Sorti en 2010, Belle Épine  de Rebecca Zlotowski est un très beau portrait de jeune fille à fleur de peau. Où une Léa Seydoux parfaite fait son deuil en se perdant dans les courses de motos clandestines. 

Belle Épine est le genre de rose noire entêtante que l’on déniche dans le bouquet parfois défraîchi que composent les premiers films français. Oui, le film de Rebecca Zlotowski nous parle encore d’ados, de deuil et de rite de passage : la jeune Prudence (Léa Seydoux) perd sa mère et se perd dans le milieu des courses de motos clandestines organisées à Rungis à la fin des années 1970. Mais le portrait attendu de jeune fille en fleur fait ici place à une âpreté délicieuse, où Léa Seydoux fait merveille en plante d’un jardin de pierres, qui sait à la fois croître et se rétracter dans un même plan.

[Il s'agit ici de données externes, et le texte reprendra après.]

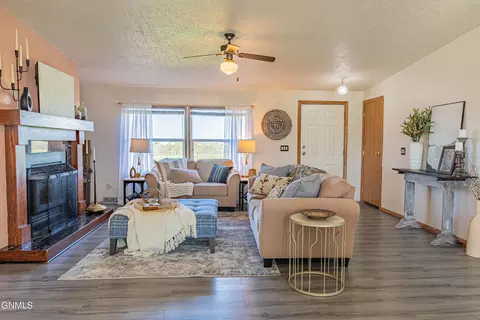8475 Windmill Rd, Bismarck, ND 58504 photo 11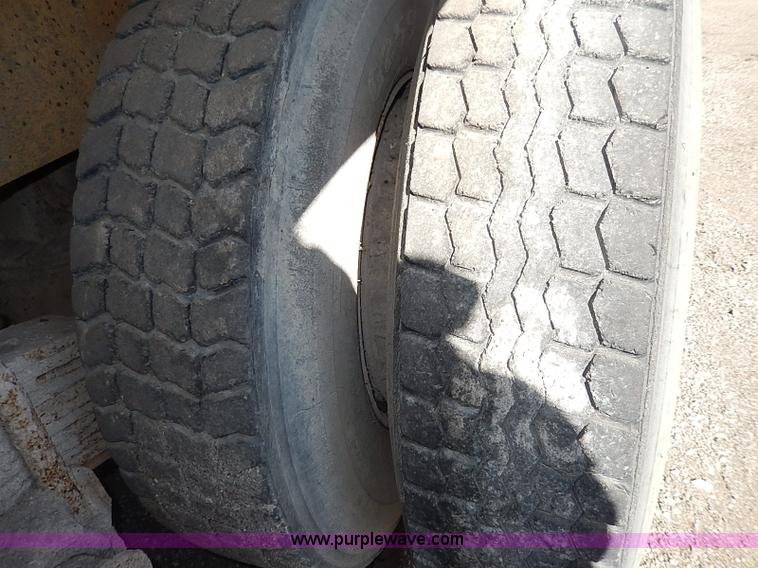 image for item I3747 1968 Mack R600 water truck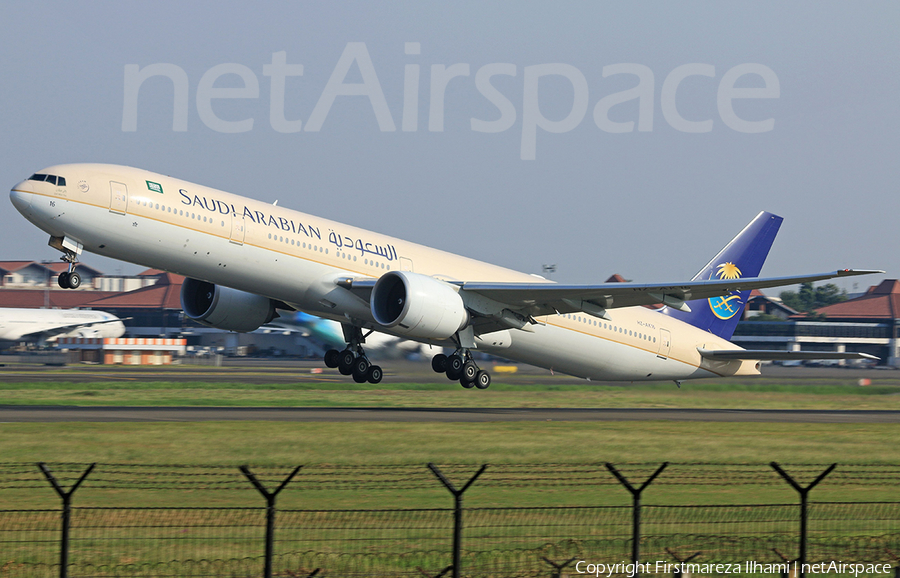 Saudi Arabian Airlines Boeing 777-368(ER) (HZ-AK16) | Photo 79198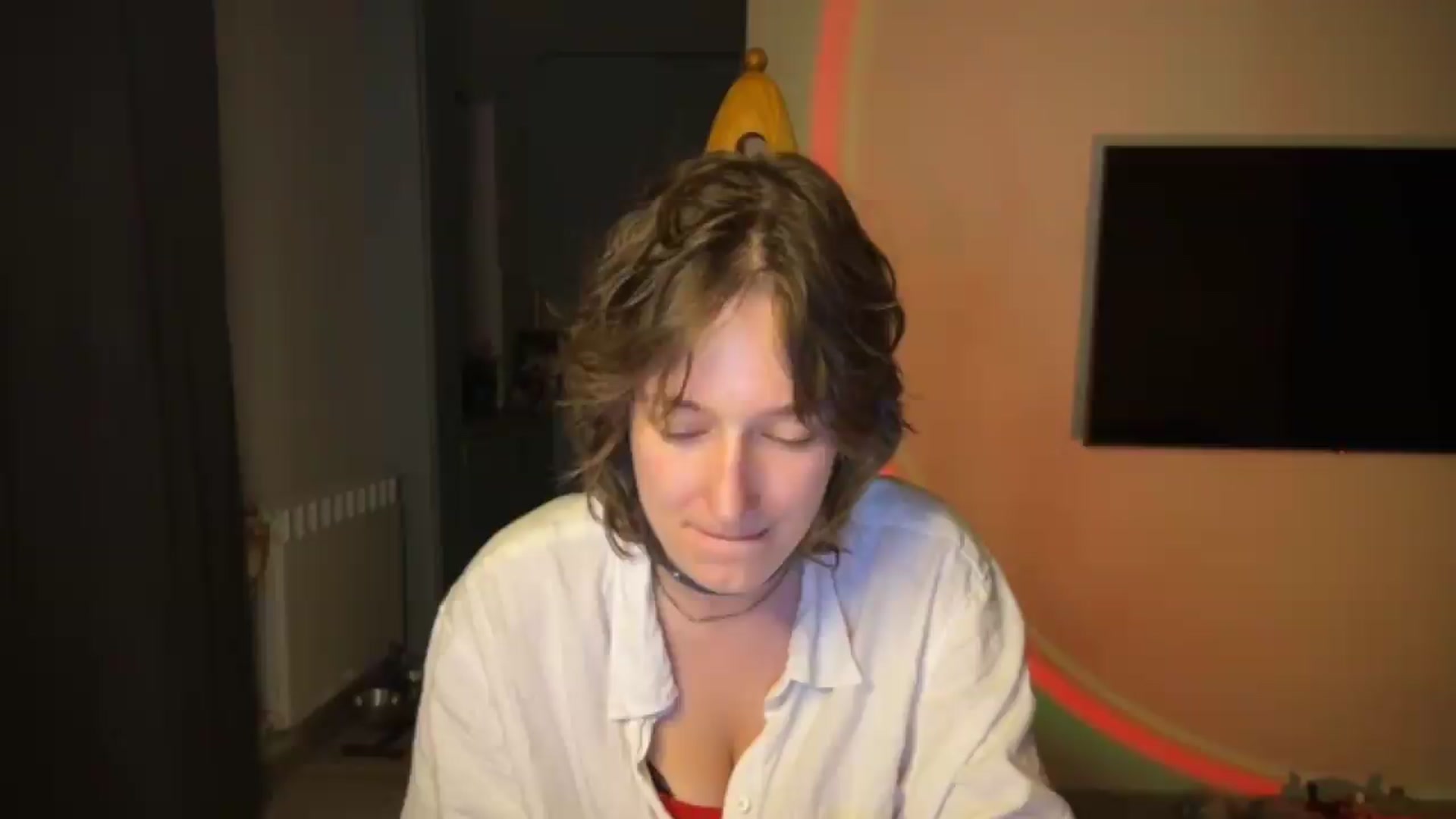 Gallery image thumbnail from LoooneyTunes's myfreecams stream on, 07/02/2026, 22:05 image 14 of 20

Dès la première scène, elle est déshabillée, fouillée au corps car accusée de vol à l’étalage, mais on ne voit d’elle que sa carapace de dure à cuir, faite pour le perfecto. Belle Épine excelle à traverser les genres. D’une sensibilité écorchée qui renvoie à Maurice Pialat (Agathe Schlencker a l’air d’avoir été téléportée de Passe ton bac d’abord), on passe aux climats fantastiques d’un John Carpenter lorsque le film évoque le Rungis 1977, rock’n’roll et nocturne. Un monde parallèle qui dépasse l’idée de nostalgie et de reconstitution.

Belle Épine impressionne aussi par son travail sonore, tout d’abord pour son excellente bande originale signée Rob (entre autres clavier de Phoenix sur scène), comme sortie d’un Dario Argento inédit. À qui veut prêter l’oreille, le film regorge aussi de détails sonores signifiants : le passage en revue des vinyles chez la copine, déterminant pour en cerner l’identité ; un morceau de piano à quatre mains entre deux sœurs; un sonotone que l’on met même si on n’est pas sourde, pour se rapprocher de quelqu’un. «Je n’ai aucune idée de l’effet que ça fait, nous a confié Rebecca Zlotowski. J’ai postulé que ça amplifiait le son, mais je préfère imaginer.»

Une telle attention au son est naturelle pour la réalisatrice, qui a coécrit pour le dernier album d’Alizée la chanson Grand Central. Elle raisonne encore en termes musicaux quand elle nous dit que « la chanson qui résume le plus Belle Épine, c’est Surrender de Suicide ». Une ballade titubante idoine pour la reddition de Prudence à l’aube, triste mais pleine de promesses. Belle Épine raconte cet état second des heures indues, ce flottement délicieux et un peu coupable d’après une nuit trop blanche, lorsque l’on sait qu’un jour nouveau pointe.